*** PROVIDED RECORDS ***

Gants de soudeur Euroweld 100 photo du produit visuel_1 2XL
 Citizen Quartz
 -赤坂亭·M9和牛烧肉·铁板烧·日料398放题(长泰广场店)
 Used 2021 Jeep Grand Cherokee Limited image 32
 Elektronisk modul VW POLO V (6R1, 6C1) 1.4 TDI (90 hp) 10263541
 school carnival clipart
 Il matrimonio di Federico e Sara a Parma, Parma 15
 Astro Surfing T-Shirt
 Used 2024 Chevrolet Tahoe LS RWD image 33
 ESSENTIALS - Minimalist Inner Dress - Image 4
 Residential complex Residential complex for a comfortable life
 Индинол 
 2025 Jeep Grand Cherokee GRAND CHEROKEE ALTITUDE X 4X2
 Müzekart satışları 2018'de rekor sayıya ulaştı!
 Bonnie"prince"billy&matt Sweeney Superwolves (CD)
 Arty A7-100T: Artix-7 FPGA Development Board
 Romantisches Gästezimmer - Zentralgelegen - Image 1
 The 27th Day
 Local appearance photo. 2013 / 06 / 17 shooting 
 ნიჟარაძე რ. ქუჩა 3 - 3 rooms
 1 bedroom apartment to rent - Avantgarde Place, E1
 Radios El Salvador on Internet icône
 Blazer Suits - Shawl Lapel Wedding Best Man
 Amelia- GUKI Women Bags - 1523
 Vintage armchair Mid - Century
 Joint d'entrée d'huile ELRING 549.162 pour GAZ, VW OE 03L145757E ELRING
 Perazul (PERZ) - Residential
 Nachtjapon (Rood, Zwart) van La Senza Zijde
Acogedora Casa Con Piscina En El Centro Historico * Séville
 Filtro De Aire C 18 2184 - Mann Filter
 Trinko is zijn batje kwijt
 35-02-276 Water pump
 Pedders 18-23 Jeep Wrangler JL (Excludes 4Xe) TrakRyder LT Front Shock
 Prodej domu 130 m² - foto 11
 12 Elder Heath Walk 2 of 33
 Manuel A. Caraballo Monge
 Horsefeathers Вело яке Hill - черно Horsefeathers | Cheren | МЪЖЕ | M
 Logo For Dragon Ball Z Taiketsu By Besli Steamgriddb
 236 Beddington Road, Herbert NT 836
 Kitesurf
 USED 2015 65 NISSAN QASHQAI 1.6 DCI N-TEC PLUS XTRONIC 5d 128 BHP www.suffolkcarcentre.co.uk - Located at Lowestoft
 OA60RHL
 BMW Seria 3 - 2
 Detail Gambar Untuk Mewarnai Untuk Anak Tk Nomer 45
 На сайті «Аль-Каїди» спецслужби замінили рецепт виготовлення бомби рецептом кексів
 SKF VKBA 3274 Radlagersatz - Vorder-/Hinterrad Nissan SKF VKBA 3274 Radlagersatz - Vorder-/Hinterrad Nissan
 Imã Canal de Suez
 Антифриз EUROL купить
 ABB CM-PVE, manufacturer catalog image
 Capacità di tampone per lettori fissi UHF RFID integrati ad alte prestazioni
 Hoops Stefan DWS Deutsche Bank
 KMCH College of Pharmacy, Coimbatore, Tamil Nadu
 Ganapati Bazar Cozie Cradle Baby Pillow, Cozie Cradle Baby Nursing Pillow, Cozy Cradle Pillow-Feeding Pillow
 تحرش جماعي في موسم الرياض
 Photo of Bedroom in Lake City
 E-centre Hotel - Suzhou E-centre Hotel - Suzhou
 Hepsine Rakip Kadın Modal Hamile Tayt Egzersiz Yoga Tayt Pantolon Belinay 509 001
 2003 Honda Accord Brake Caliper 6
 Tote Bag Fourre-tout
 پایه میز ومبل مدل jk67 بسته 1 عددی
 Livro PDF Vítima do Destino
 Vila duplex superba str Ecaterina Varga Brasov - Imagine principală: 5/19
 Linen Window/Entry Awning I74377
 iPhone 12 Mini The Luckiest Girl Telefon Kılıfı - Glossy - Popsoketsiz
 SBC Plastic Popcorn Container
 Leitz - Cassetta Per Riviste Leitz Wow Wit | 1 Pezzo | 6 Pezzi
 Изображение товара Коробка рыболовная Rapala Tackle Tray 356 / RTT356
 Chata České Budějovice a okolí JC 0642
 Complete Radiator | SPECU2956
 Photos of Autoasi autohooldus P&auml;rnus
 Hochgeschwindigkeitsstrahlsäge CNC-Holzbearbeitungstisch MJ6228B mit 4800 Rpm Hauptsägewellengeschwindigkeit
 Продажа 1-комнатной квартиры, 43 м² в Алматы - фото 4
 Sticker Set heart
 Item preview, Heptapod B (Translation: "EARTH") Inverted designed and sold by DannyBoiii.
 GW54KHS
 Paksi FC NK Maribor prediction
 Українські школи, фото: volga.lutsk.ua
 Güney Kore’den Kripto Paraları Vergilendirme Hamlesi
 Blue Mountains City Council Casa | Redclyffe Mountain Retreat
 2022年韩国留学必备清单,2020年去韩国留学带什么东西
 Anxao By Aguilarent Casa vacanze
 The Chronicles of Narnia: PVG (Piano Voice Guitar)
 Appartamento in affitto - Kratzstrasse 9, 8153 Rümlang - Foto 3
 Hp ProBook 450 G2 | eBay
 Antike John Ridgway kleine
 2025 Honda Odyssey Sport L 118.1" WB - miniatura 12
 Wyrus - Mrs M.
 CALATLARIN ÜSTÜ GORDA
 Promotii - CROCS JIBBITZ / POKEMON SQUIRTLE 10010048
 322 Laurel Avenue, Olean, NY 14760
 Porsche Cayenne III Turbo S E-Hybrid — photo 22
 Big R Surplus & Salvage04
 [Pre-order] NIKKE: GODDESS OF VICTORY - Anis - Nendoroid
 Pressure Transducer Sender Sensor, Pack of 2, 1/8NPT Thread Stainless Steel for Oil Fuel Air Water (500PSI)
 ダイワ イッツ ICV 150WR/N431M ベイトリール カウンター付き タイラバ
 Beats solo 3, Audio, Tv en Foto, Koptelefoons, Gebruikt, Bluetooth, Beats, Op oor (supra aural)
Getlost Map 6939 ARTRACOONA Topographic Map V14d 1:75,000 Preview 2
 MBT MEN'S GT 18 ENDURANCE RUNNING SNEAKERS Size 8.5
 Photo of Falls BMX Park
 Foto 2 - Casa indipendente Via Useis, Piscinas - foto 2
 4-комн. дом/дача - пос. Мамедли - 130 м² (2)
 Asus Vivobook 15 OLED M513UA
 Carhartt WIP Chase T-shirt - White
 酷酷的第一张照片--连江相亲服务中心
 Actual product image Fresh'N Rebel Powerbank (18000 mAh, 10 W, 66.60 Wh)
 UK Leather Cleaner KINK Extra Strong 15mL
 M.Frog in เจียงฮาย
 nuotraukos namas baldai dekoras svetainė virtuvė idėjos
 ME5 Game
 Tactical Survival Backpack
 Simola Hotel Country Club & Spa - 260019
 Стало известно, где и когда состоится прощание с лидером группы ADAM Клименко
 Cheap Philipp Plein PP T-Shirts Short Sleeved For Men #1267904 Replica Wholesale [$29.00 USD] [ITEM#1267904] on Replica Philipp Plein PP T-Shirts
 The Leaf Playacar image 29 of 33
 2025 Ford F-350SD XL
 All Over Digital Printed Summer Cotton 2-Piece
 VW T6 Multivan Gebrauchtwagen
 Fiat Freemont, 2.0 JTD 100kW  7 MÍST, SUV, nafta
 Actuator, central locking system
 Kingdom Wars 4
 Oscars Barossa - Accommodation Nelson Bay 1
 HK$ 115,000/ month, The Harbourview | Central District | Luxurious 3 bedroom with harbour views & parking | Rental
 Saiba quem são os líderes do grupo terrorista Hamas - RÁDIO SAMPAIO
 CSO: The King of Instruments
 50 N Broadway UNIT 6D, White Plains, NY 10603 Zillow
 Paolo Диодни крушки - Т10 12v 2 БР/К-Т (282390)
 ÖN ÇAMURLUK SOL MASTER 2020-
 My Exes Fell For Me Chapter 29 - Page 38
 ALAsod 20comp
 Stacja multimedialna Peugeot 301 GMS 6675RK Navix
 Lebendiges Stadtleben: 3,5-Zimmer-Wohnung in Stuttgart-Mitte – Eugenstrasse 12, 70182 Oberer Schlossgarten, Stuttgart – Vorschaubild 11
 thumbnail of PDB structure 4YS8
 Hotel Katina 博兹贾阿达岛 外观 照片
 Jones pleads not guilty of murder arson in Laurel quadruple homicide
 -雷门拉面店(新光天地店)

***

# TRY IT:
Copy each line of the records that contains the word "White".

# SOLVED PROBLEM:
 Carhartt WIP Chase T-shirt - White
 50 N Broadway UNIT 6D, White Plains, NY 10603 Zillow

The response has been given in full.